The Commodity and Futures Trading Commission (CFTC) in the United States has filed a lawsuit against Johannes Steynberg, the chief executive of Mirror Trading International Proprietary Limited (MTI), along with the company. The charges filed against them in the lawsuit are that of fraud and violation of the registration process.
According to the allegations of the CFTC, the CEO engaged in a global MLM scheme i.e. a multilevel marketing scheme. The CFTC said that Steynberg had used it to accumulate 29,421 Bitcoins, which were valued at $1.7 billion.
The regulatory agency stated that the scheme was carried out from May 2018 and had continued till March 2021. The lawsuit was filed against the company and its chief executive in the Western District of Texas.

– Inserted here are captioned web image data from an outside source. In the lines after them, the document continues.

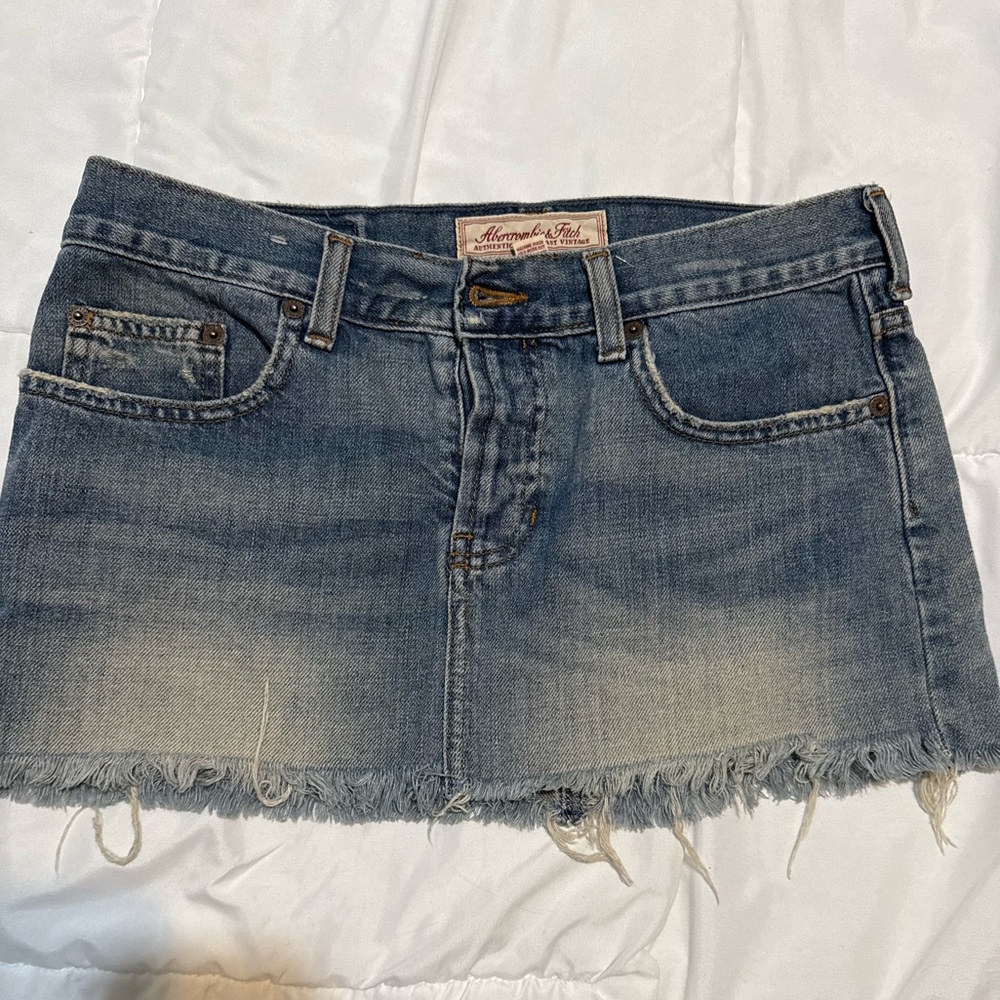 Abercrombie & Fitch Blue Frayed Mini Skirt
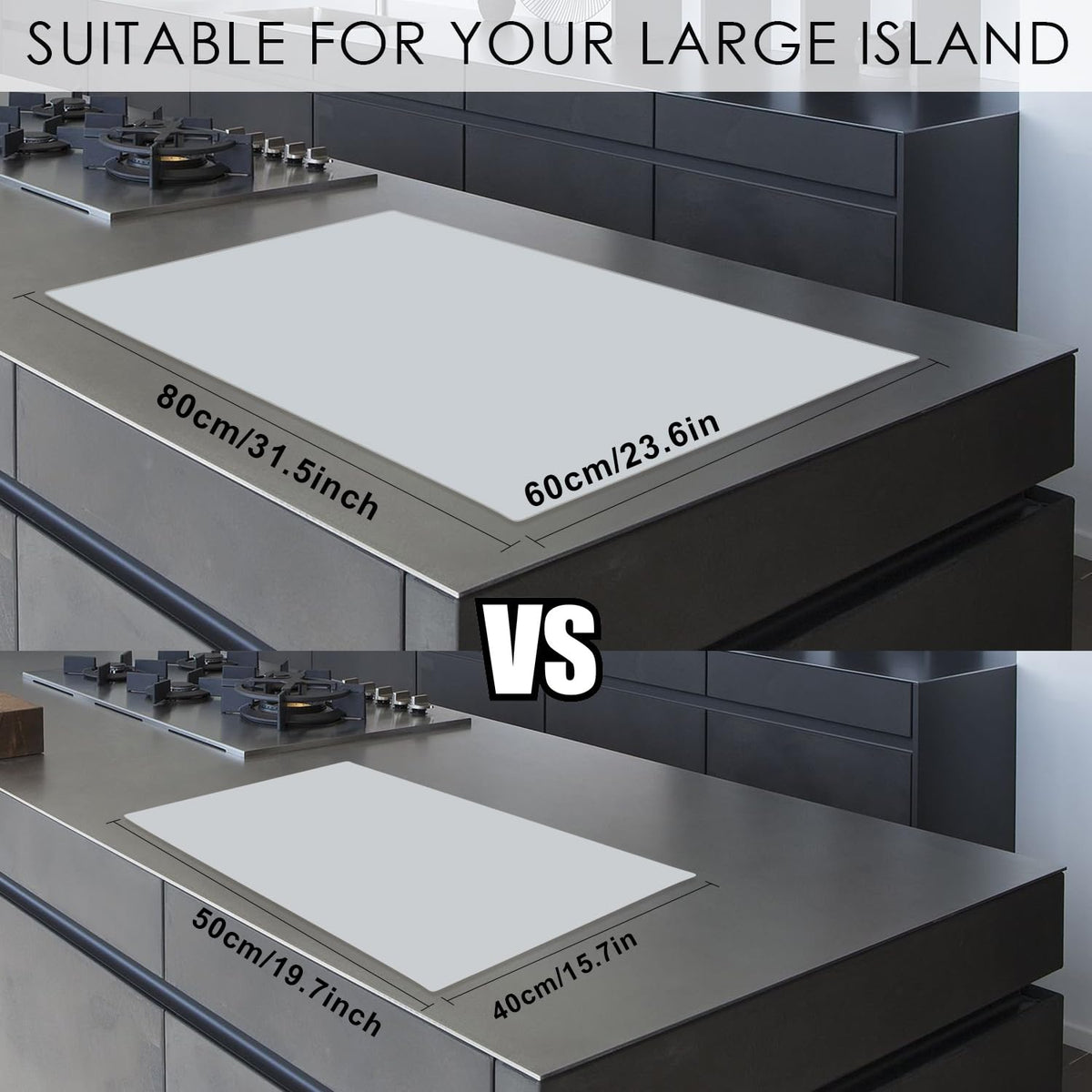 Extra Large Silicone Mat, 31.5x23.6 Large Silicone Placemats for Kids, Gray Large Silicone Sheet for Crafts Heat Resistant Mat for Kitchen Counter, Non-Stick Silicone Table Mat for Dough and Pastry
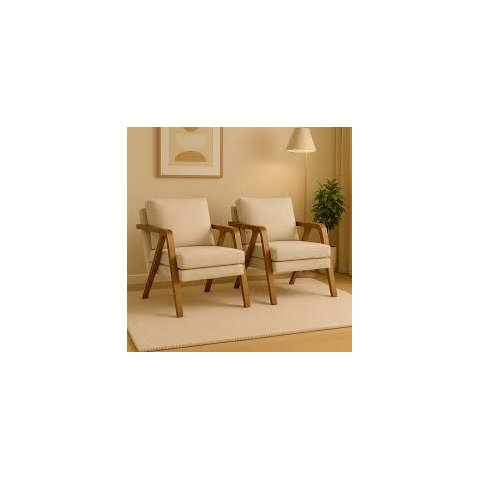 Kit 2 Poltronas  Vitória 1 Lugar Base em Madeira Maciça Veludo Bege Premium Belufan Móveis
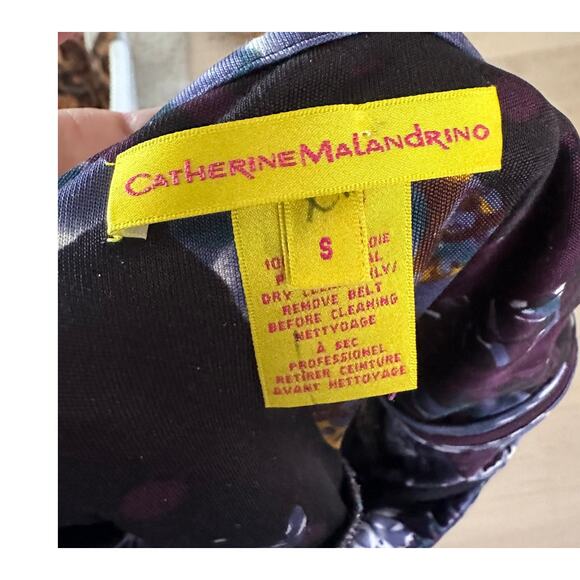 Y2K Catherine Malandrino Designer Dress Abstract Purple Print Size Small /4 - Picture 3 of 15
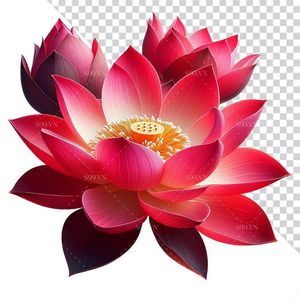 Hình ảnh bông hoa sen màu đỏ file PNG mẫu CR1636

A CFTC commissioner, Kristin Johnson issued a statement about the lawsuit. He said that the trading that the company and its CEO had done did not generate any profits and they essentially ended up misappropriating all of the 29,421 bitcoins that they had collected from their investors. He stated that it was common for fraudsters to conduct such scams by leveraging global connectivity, new technology, or a perceived lack of understanding.
It should be noted that the CFTC is not the first regulatory authority to go after MTI’s CEO, who hails from South Africa. INTERPOL had issued an arrest warrant for him for evading the South African authorities, which led to his arrest in Brazil. CFTC stated that it was seeking restitutions for investors who have lost their money.
This is the latest action that the CFTC has taken in its attempt to control the activities in the crypto sector. Back in May, the regulatory agency announced that it was planning on expanding its staff in order to help in monitoring the crypto space and to ensure compliance with all laws.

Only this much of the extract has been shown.